# Problem description
Print the lines from the one containing "17200 West Bell" through the end of the material below, both included, exactly as they appear and without pictures.

# Source data
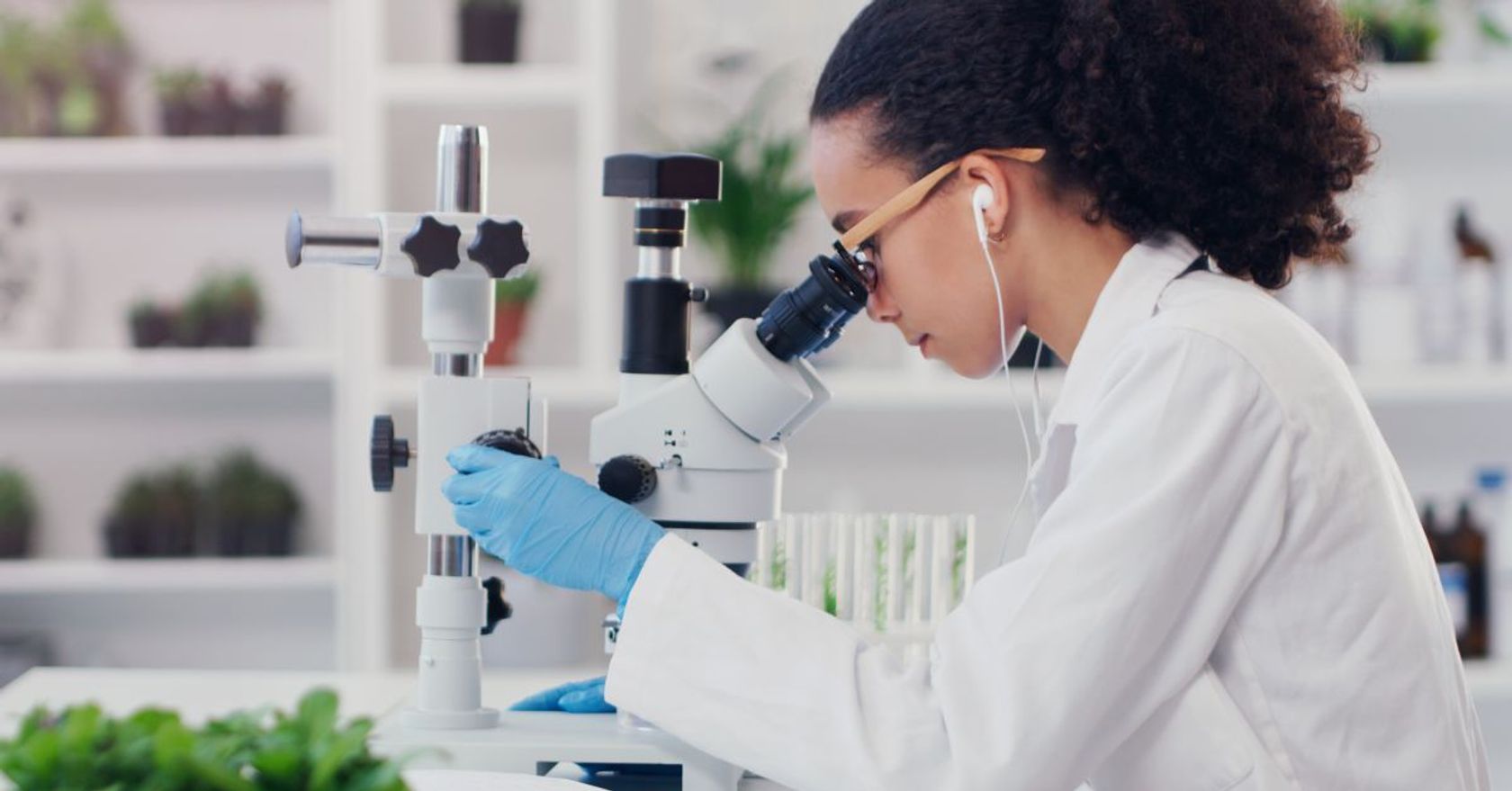 Junge Frau im Labor blickt durch ein Mikroskop, im Vordergrund und Hintergrund sind Pflanzen zu sehen.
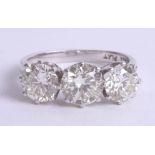 A fine diamond three stone ring, set in 18ct white gold, combined diamond weight approximately 3.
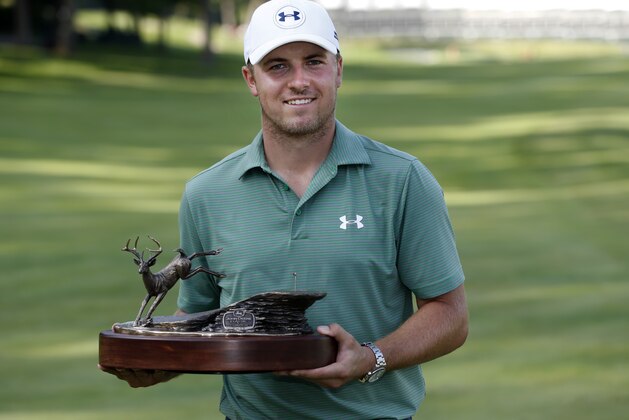 Jordan Spieth poses with the John Deere Classic trophy after winning the tournament by defeating Tom Gillis on the second playoff hole Sunday, July 12, 2015, in Silvis, Ill. (AP Photo/Charles Rex Arbogast)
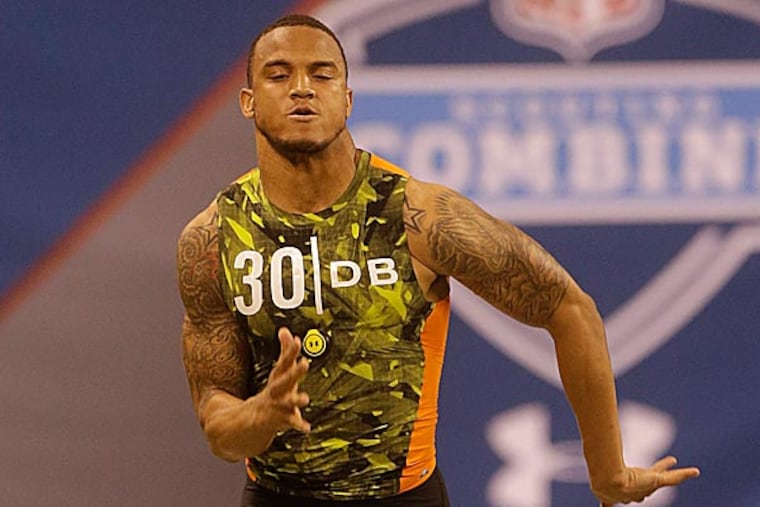 Despite running with a torn labrum in his shoulder, Dee Milliner posted the second-best time among cornerbacks. (Dave Martin/AP)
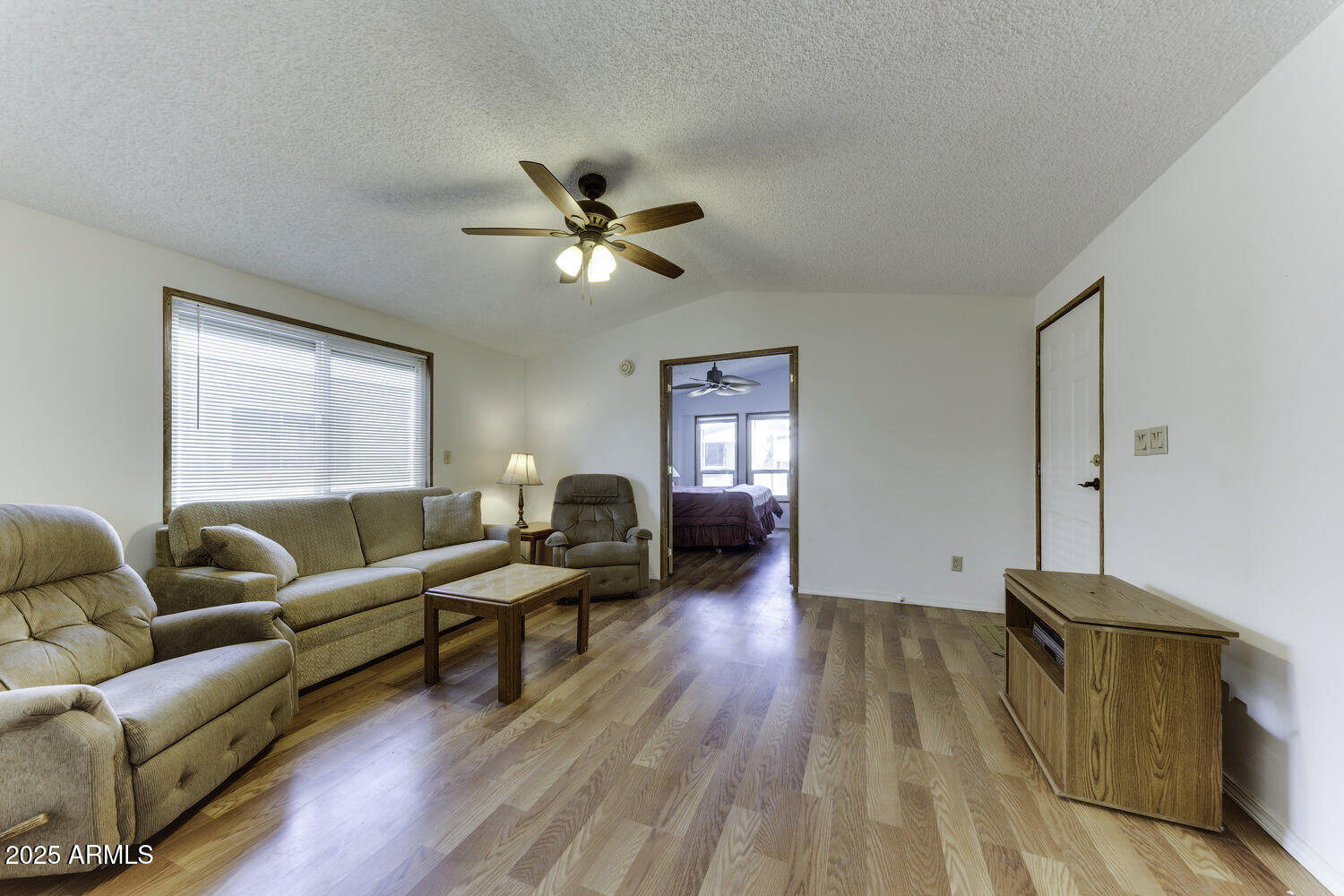 17200 West Bell Road, Unit 1745 Surprise, AZ 85374 - Photo 7 of 24 a living room with furniture a ceiling fan a lamp and a window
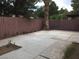 Spacious backyard featuring a patio area with a tall palm tree and a wood fence at 5615 Blue Sea St, Las Vegas, NV 89110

# Answer space
 17200 West Bell Road, Unit 1745 Surprise, AZ 85374 - Photo 7 of 24 a living room with furniture a ceiling fan a lamp and a window
 Spacious backyard featuring a patio area with a tall palm tree and a wood fence at 5615 Blue Sea St, Las Vegas, NV 89110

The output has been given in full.